HOFFMAN STAYS HUMBLE, even as the honors and awards pile up. Winning the Deutsch Award was no exception. “I don’t set big goals, like I want to play with so-and-so. It’s all about practicing every day and getting better,” he said.
In 2003 and 2005, Hoffman performed with the Grammy Jazz Ensemble, a group of high school musicians who perform in the host city of the Grammy Awards. They played in New York venues like the Knitting Factory, Jazz Standard and the Apollo Theater.
“I’m more of a traditionalist, more of a purist, into stuff that swings,” said Hoffman. He wishes he could have seen John Coltrane play, and also admires musicians like Tim Warfield and Ralph Moore. Jazz isn’t just something Hoffman plays – he knows its history and today’s big names of the genre. There was a jazz resurgence through the 1980s and early ‘90s, said Hoffman, but it’s been on the decline since then.
“A lot of [D.C.] venues closed, and a musicians moved on,” said Hoffman, “but there’s a next generation in jazz.”
AS A CHILD, Hoffman grew to love jazz by listening to vinyl records from his father’s collection. He took up the saxophone at 9, and four years later, started taking lessons from local saxophone pro Paul Carr. “That was when I started to be able to play and improvise,” Hoffman said. “He’s just a great teacher. He really knows the right thing to say at the right time.”
Hoffman has been playing under Carr ever since, including gigs as part of the Jazz Academy All-Stars, a band of young saxophone players and a rhythm section that has played at Blues Alley.
This summer, Hoffman teaches high-school and middle-school sax prodigies at Carr’s Jazz Academy of Music of Greater Washington. “It’s great, because you can learn things from the kids, even.

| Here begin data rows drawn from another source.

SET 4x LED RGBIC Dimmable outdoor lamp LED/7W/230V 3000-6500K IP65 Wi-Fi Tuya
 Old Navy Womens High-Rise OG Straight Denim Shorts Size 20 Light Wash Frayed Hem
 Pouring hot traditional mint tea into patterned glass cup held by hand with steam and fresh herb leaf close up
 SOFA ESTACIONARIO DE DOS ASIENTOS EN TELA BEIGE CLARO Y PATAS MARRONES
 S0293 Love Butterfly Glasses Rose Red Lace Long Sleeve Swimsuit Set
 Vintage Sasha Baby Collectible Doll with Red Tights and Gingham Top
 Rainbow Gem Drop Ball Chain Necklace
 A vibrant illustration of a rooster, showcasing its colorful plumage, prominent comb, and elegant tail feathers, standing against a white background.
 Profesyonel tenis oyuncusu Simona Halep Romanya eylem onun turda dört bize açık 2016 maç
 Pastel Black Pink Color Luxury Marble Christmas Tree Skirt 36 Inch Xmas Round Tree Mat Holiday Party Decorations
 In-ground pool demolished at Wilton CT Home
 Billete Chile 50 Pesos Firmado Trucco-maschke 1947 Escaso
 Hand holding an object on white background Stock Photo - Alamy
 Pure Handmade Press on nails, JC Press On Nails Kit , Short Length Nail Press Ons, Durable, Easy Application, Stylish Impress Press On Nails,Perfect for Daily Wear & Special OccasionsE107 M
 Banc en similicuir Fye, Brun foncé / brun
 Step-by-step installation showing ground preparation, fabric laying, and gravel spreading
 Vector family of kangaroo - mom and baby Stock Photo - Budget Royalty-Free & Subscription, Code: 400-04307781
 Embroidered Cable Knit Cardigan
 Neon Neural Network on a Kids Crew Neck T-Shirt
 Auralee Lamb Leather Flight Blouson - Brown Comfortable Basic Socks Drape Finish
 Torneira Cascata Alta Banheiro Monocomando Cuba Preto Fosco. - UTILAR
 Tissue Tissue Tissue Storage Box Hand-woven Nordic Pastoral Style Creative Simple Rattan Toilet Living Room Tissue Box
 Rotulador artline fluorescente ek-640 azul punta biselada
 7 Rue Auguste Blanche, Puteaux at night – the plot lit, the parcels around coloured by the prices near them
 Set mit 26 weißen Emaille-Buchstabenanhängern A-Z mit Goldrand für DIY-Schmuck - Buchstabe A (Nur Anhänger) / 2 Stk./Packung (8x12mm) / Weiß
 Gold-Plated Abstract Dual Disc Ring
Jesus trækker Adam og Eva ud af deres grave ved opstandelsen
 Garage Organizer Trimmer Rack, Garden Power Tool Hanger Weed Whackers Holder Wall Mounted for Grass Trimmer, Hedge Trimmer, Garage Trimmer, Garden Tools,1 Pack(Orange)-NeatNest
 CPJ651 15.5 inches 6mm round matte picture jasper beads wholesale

A lot of times, you don’t realize it until afterwards,” Hoffman said. “A lot of advanced improvisers forget about the basics, because they’re trying to be so hip.”
Hoffman will attend New York University this fall, and will major in jazz performance. He wants to go into greater depth playing piano, clarinet and flute – professional musicians generally need to be woodwind players, instead of single-instrument musicians, to get gigs in a pit orchestra.
But the professional requirements remain a secondary concern to Hoffman. “I think it’s best not to worry so much, especially at my age, about getting gigs,” he said. “There’s so much more to learn in terms of harmony … developing your own voice, learning about yourself.”